When we got to the hotel in Albany, I took B to the hotel pool to burn off some energy. He was so good in the car for a boy who needs to move all the time. I cannot believe how excited he was to get in that pool! And it was not your standard, “Olympic-sized” hotel pool. That thing was 6′ wide, 10′ long and cloudy. But it was the bomb as far as he was concerned. I mean, he was last-day-of-school excited! I love how the little things are all he needs.
The next day I drove, my mom navigated and B and my dad sat in the back, watching a movie. They wore headphones so we could not hear the movie, but it was so funny to hear the two of them giggle or burst out laughing together. My dad treated us to Bromley
on the way to my Nana’s house in Vermont. We had a blast. At Bromley last year, B successfully climbed his 1st rock wall. This time, he did all 4 levels. We also got to do the water slides this time. B was his normal, outgoing self and talked to everyone (that boy’s never
met a stranger) but what really impressed me was how aware he was of others and moved carefully/accordingly. For example, when he got to the bottom of an alpine slide, he got off, picked up his sled and proceeded to the sled drop-off area. After a few steps, he realized a man was at the next sled with his camera up. B stopped and waited and finally a child came down that slide, the man took a picture and thanked B for waiting. B’s never done that before, especially in an exciting place! I was very proud.

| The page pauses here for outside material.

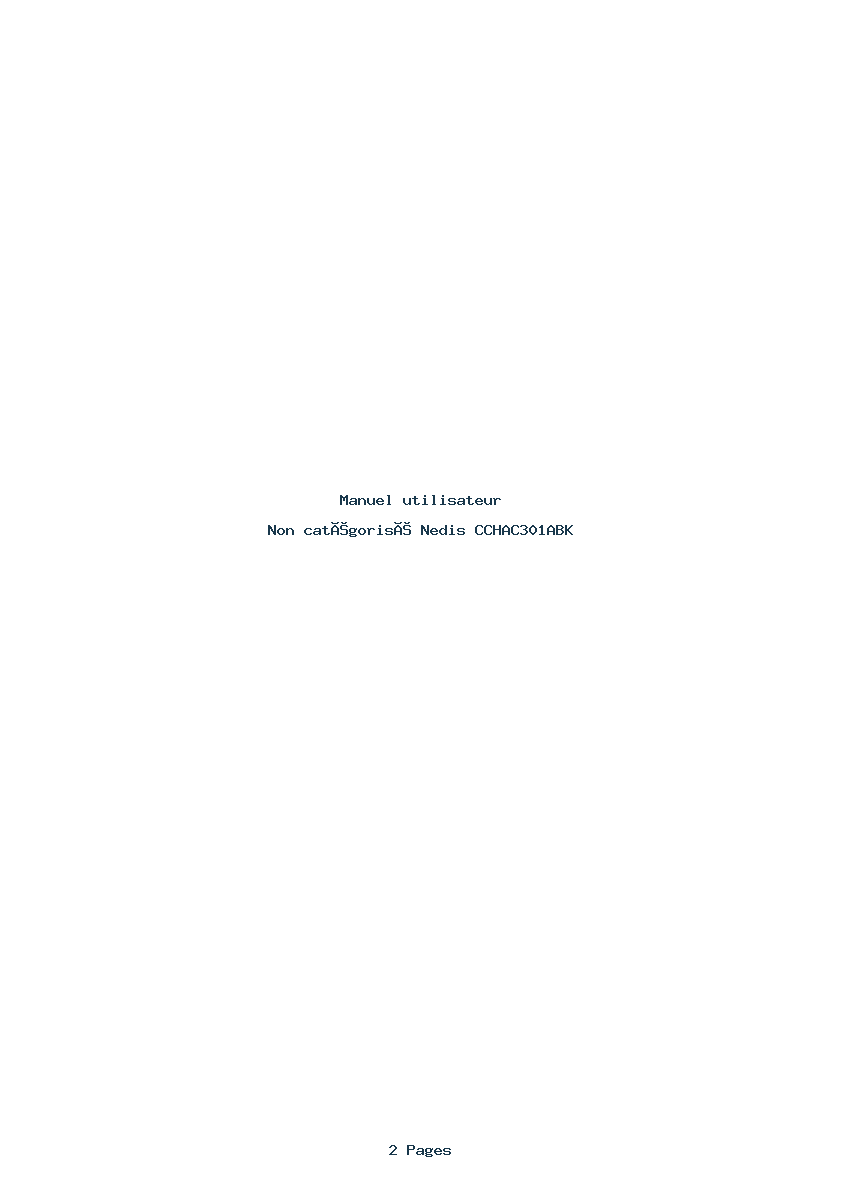 Page 1 de la notice Manuel utilisateur Nedis CCHAC301ABK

When we got back in the car to head to my Nana’s house, B went into the all-about-me’s. I want another movie; read me Harry Potter. When we got to Nana’s it was play a game with me. Although most of the day had been about him and having fun, now he needed to back off and let us do what we needed and wanted to do – unpack, rest, visit with Nana. He was frustrated, unhappy and tired. Instead of whining or continue to pester us, he decided to run laps in the parking lot to burn off his frustration. I have one smart cookie!
Due to limited room, my parents stayed at my Nana’s house and B and I stayed with my dad’s brother and his wife. We had this wonderful carry-out pizza for dinner and my dad asked B if he wanted a knife and fork to eat his pizza. My little smart-ass said, “No, thanks. I don’t eat like Donald Trump.” OMG, I about fell over laughing! My dad, of course had no idea what B was talking about and I could not explain it to him. B was talking about this story on The Daily Show with Jon Stewart where Donald Trump disrespects New Yorkers with his pizza selection and way of eating it. You have to watch it, it’s so funny!